§ BRIEF: No pictures go into the copy. Write out exactly the lines below from the one containing "Vintage Chinoiserie Bridal" through the one containing "中医药医院装修工程预算书.docx_第1页".

§ TASK DATA:
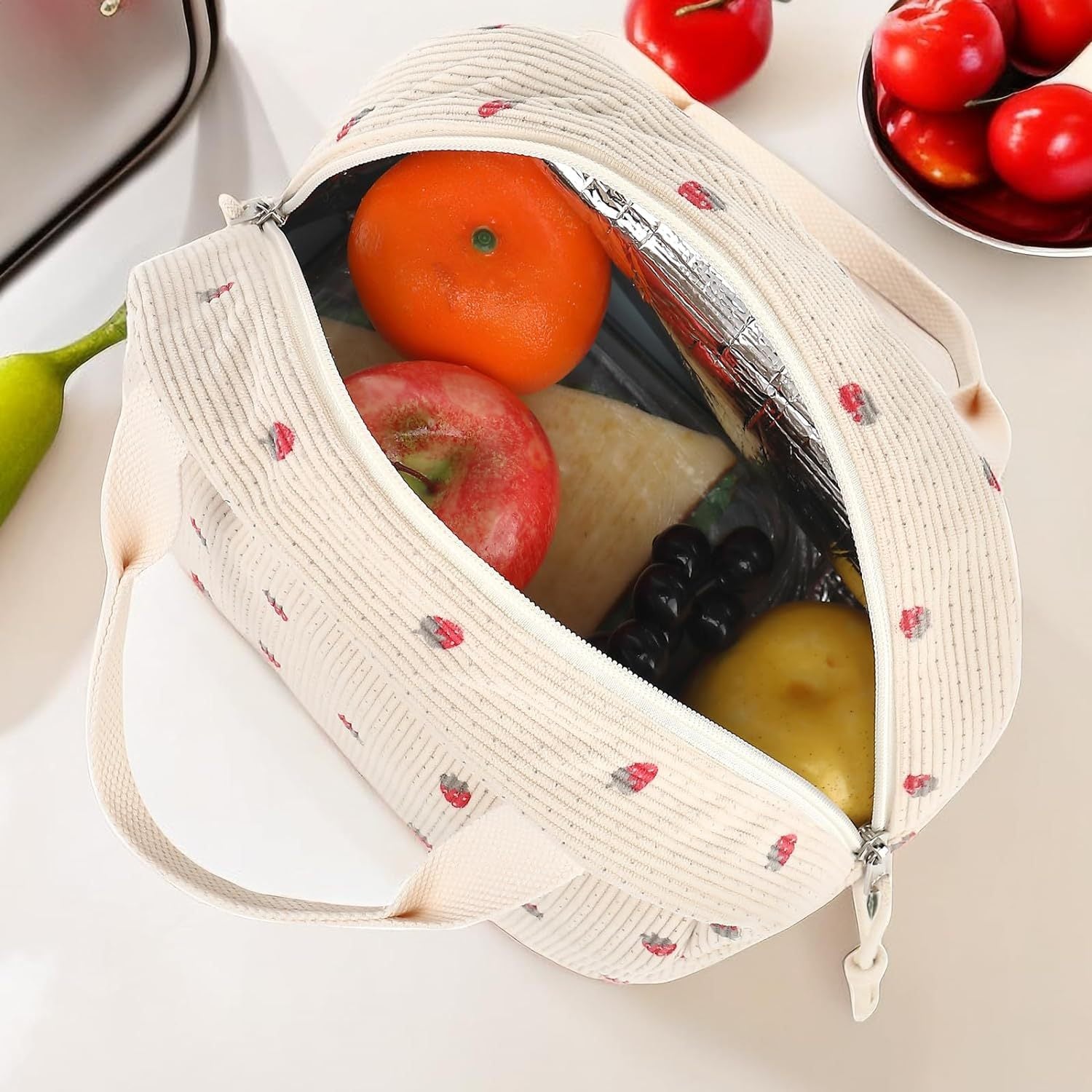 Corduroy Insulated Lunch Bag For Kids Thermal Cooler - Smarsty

==

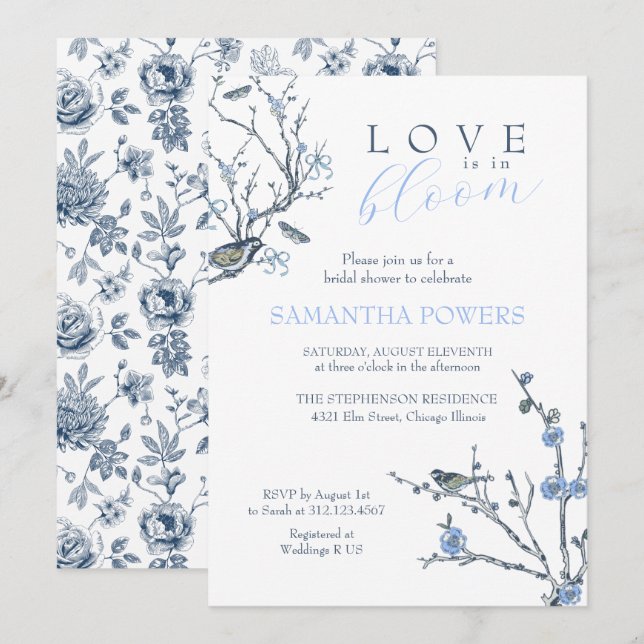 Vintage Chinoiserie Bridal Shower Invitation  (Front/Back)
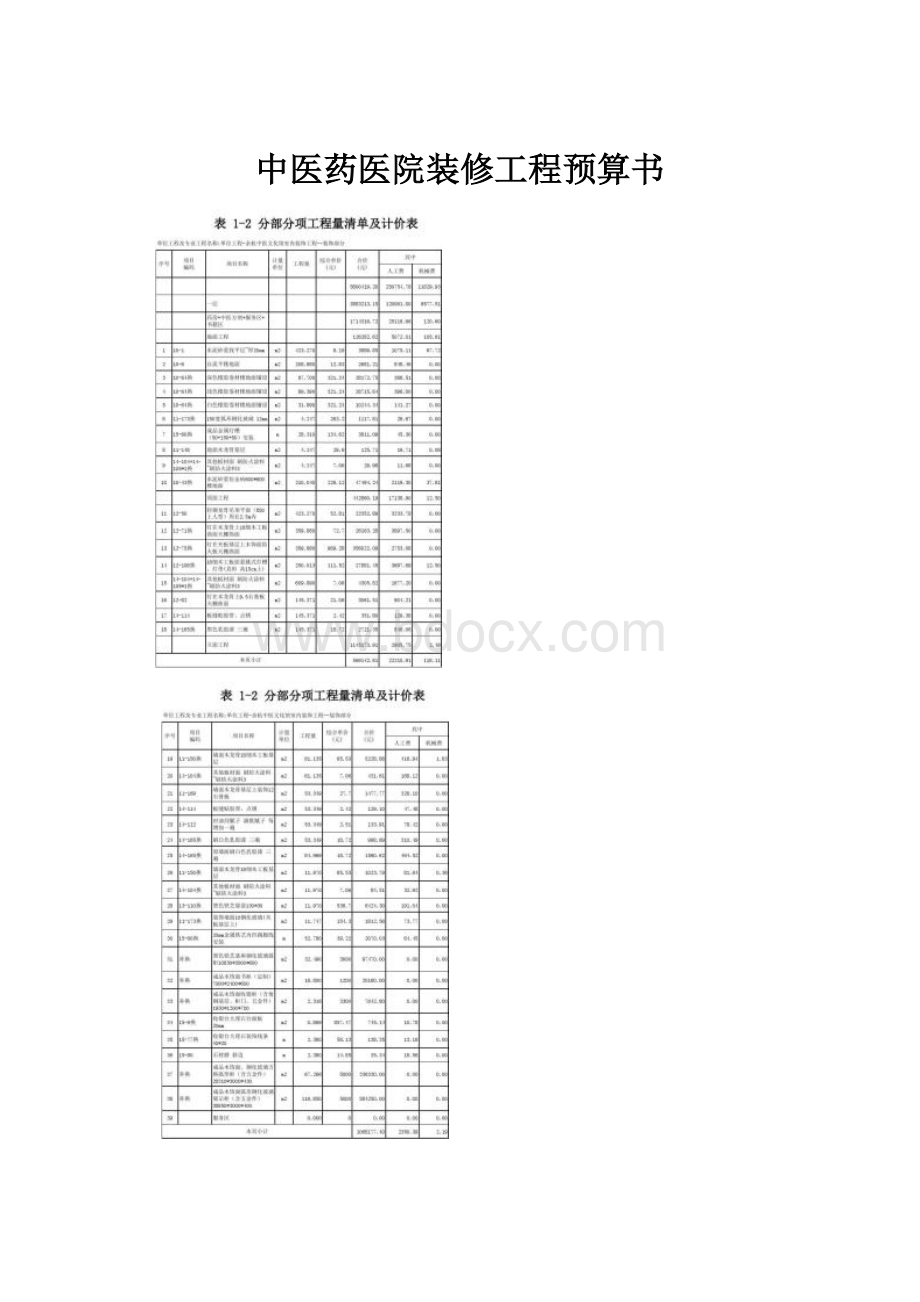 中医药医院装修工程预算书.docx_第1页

---

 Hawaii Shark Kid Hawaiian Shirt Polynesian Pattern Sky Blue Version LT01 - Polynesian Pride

§ YOUR SOLUTION:
 Vintage Chinoiserie Bridal Shower Invitation  (Front/Back)
 中医药医院装修工程预算书.docx_第1页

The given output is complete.